Am 26. Juni 2020 war die Überraschung perfekt: Der Triathlet Andrea Salvisberg positionierte sich nur zehn Sekunden hinter dem Favoriten Tadesse Abraham, der den Schweizer Rekord im Marathon hält, und holte sich so die Silbermedaille an der Schweizermeisterschaft über 10 000 Meter. «Es war auch für mich eine Riesenüberraschung», freut sich Andrea Salvisberg. «Eigentlich bin ich nur mit dem Ziel an die Schweizermeisterschaft gegangen, eine möglichst gute Zeit zu laufen. Es waren viele Athleten anwesend, welche Bestzeiten von unter 30 Minuten aufweisen konnten.
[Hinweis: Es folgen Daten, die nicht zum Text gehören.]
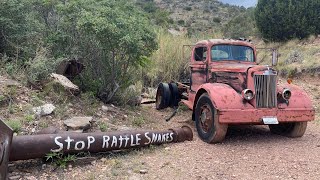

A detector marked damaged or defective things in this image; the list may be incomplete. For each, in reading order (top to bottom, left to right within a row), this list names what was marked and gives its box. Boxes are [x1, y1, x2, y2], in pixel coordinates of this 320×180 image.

rusty truck [156, 39, 316, 143]
rusty metal object [8, 126, 191, 161]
Bei einer solchen Konkurrenz hätte ich wirklich nicht mit einem Podestplatz gerechnet.» Dabei ist Laufen neben Schwimmen und Radfahren nur eine von drei Sportarten,
für die der 31-Jährige täglich hart trainiert.

Der Schlüssel zum Erfolg
Wenn man richtig trainiert und gut vorbereitet sei, dann seien Wettkämpfe etwas vom Schönsten, das es gibt, berichtet der erfahrene Triathlet. «Der Sport macht manchmal so viel Spass, dass das Leiden gar nicht mehr so schlimm ist.» Doch bis es so weit ist, muss viel trainiert werden. Und wie der Rüegsauschacher erzählt, sind diese Trainings der härteste Aspekt des Profisports: «Die Übermüdung entsteht meistens im Training. Wenn man früh aufstehen muss und einige Stunden trainiert, merkt man schnell, wie erschöpft der Körper ist.» Andrea Salvisberg trainiert drei- bis viermal am Tag. Ganz schlimm sei vor allem der «Hungerast», wie Salvisberg berichtet. Das ist der Moment, in dem die Kohlenhydratreserven aus Muskeln und Leber erschöpft sind. Die daraus folgende Unterzuckerung führt zu einem rapiden Leistungsabfall, der «Hungerast» genannt wird. «In diesem Moment reicht auch die Energie von einem Riegel oder einer Banane nicht aus», weiss Andrea Salvisberg aus Erfahrung. Doch auch darauf sind die Profisportler vorbereitet, etwa mit Kohlenhydratgels, welche den Körper mit der nötigen Energie versorgen können.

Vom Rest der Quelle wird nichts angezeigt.